Nel definire i criteri di attribuzione della responsabilità amministrativa da reato degli enti, l’art. 5 del D.Lgs. 231/2001 prevede che l’ente è responsabile per i reati presupposto commessi nel suo interesse o a suo vantaggio da due categorie di soggetti, ovverosia gli “apicali”, da un lato, e i “sottoposti”, dall’altro lato. Nel novero dei soggetti appartenenti alla prima categoria, l’articolo in parola introduce un’ulteriore distinzione: al ricorrere degli altri criteri di imputazione, l’ente può essere ritenuto responsabile per reati commessi non solo da apicali “di diritto” (“persone che rivestono funzioni di rappresentanza, di amministrazione o di direzione dell’ente o di una sua unità organizzativa dotata di autonomia finanziaria e funzionale”), ma anche da apicali “di fatto” (“persone che esercitano, anche di fatto, la gestione e il controllo” dell’ente).

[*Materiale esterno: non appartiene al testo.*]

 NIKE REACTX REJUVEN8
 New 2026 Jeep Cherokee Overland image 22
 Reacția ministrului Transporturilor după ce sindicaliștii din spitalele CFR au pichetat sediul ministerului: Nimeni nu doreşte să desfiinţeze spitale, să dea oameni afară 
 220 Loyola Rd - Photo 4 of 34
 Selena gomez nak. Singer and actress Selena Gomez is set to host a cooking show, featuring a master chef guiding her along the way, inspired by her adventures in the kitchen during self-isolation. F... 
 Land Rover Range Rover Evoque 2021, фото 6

Con la sentenza n. 3211 del 16 gennaio 2024, la quinta sezione penale della Corte di Cassazione fornisce una propria interpretazione in merito alla nozione di “esercizio di fatto della gestione e del controllo dell’ente” e all’estensione della categoria dei soggetti apicali “di fatto”.
Il caso esaminato dalla Suprema Corte riguarda, inter alia, la condanna di una società per l’illecito amministrativo di cui all’art. 24-bis del D.Lgs. 231/2001 in relazione alla commissione del reato di accesso abusivo ad un sistema informatico o telematico (art. 615-ter c.p.) da parte di soggetti non ancora assunti dalla società ed entrati a far parte della stessa solo in un momento successivo.

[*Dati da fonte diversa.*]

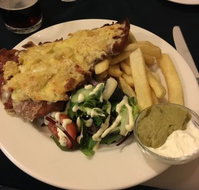 Cunninghams Hotel - Darwin Tourism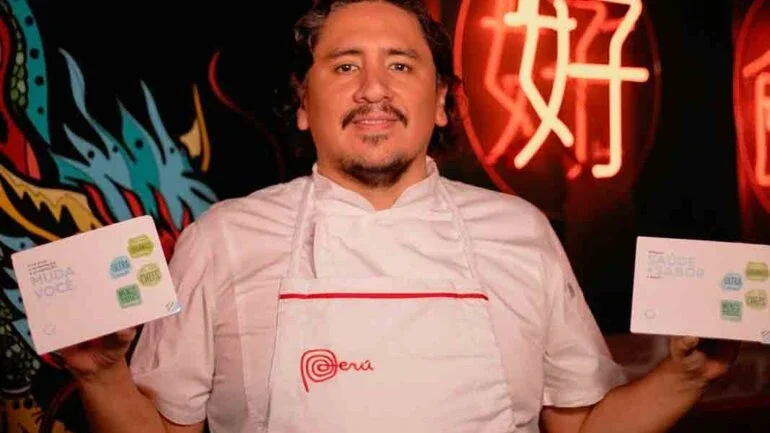 Chef Marco Espinoza cria marmita congelada de ceviche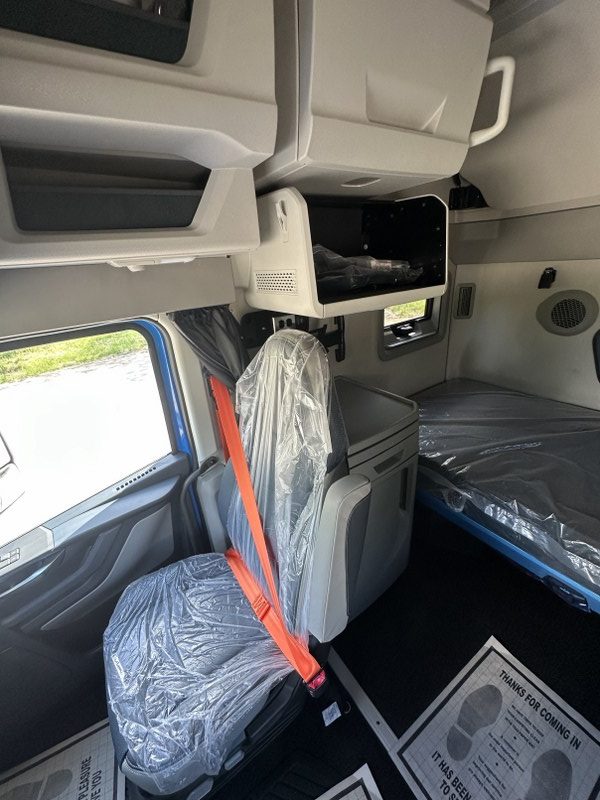 2026 Volvo 860 cab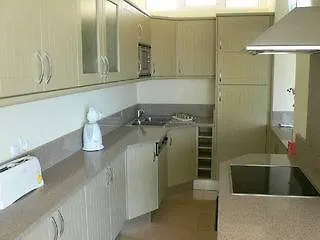 Vila Castelo Traditional מלון לגואה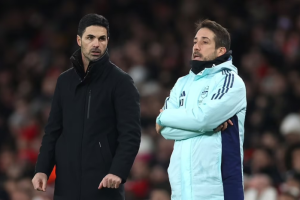 โดนซะเอง… เร้ดแน็ปป์อัด ‘เซ็ตพีซปืน’ ไม่ดูเกมรับ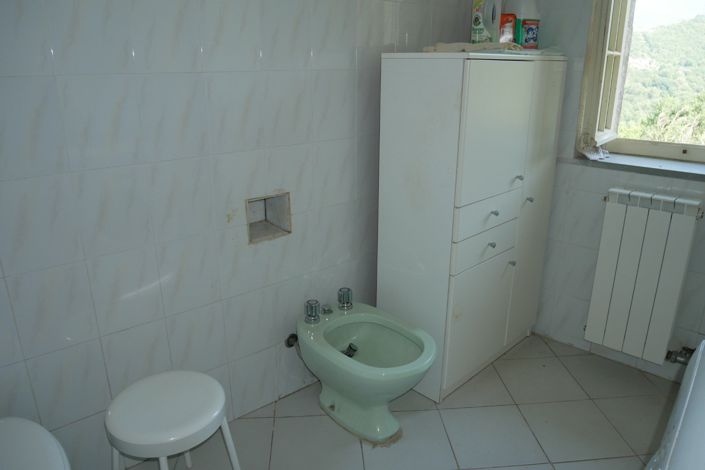Image No.10-3 Bed Village House for sale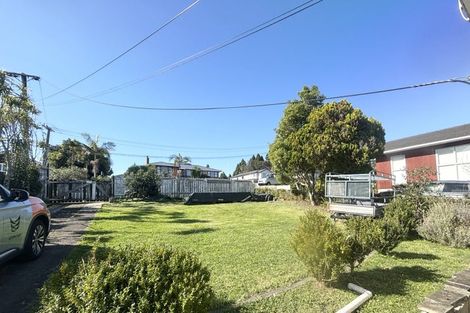 Photo of property in 12 Lynn Road, Bayview, Auckland, 0629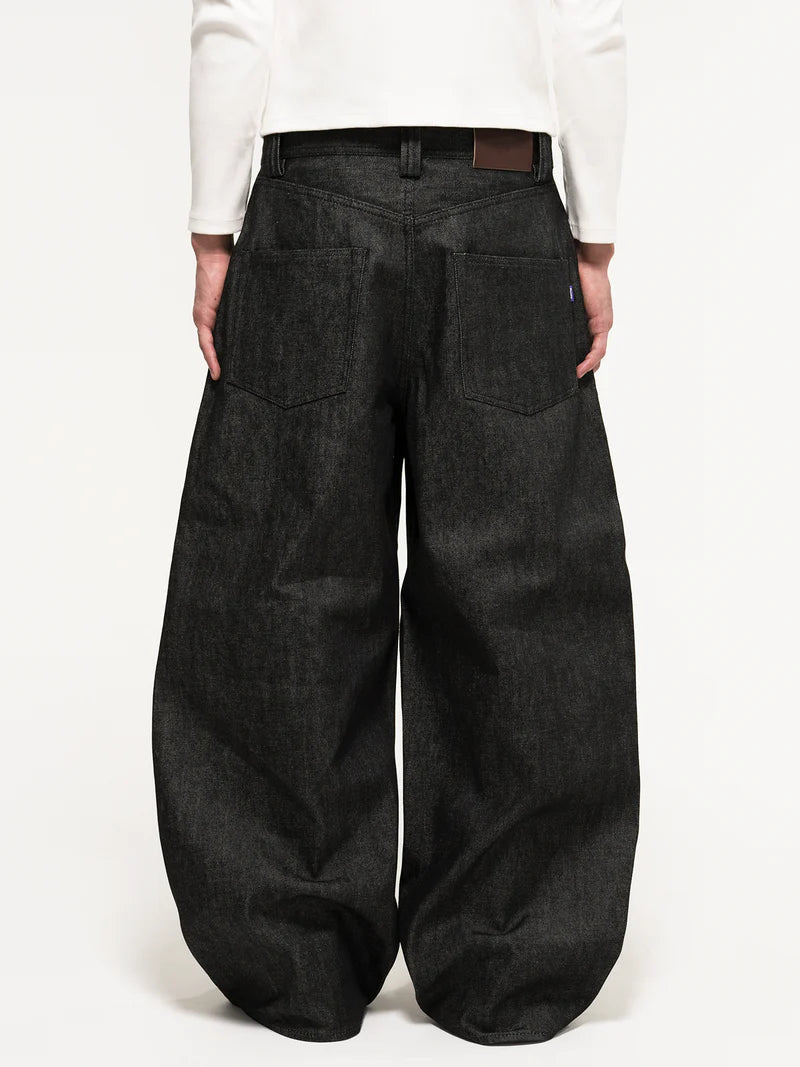 Japanese Curved-leg Jeans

A fronte della doglianza della società, che sosteneva di essere stata erroneamente ritenuta responsabile di fatti di reato commessi dagli imputati quando questi ultimi non erano ancora alle dipendenze della società medesima, la Corte di legittimità annulla con rinvio il capo della sentenza in esame, riconoscendo che, proprio in ragione della peculiare posizione degli imputati, nelle decisioni di merito avrebbe dovuto essere compiuto un accertamento sulla possibilità di considerare gli stessi, in virtù dell’art. 5, lett. a), ultima parte, del D.Lgs. 231/2001, “persone che esercitano, anche di fatto, la gestione e il controllo dello stesso”.
Al fine di guidare le valutazioni del giudice del rinvio, la Suprema Corte, formula, quindi, alcuni princìpi di diritto sul significato da attribuire alla suddetta locuzione, intervenendo anche nell’ampio dibattito sviluppatosi in merito all’accezione da attribuire alla nozione di “controllo di fatto”.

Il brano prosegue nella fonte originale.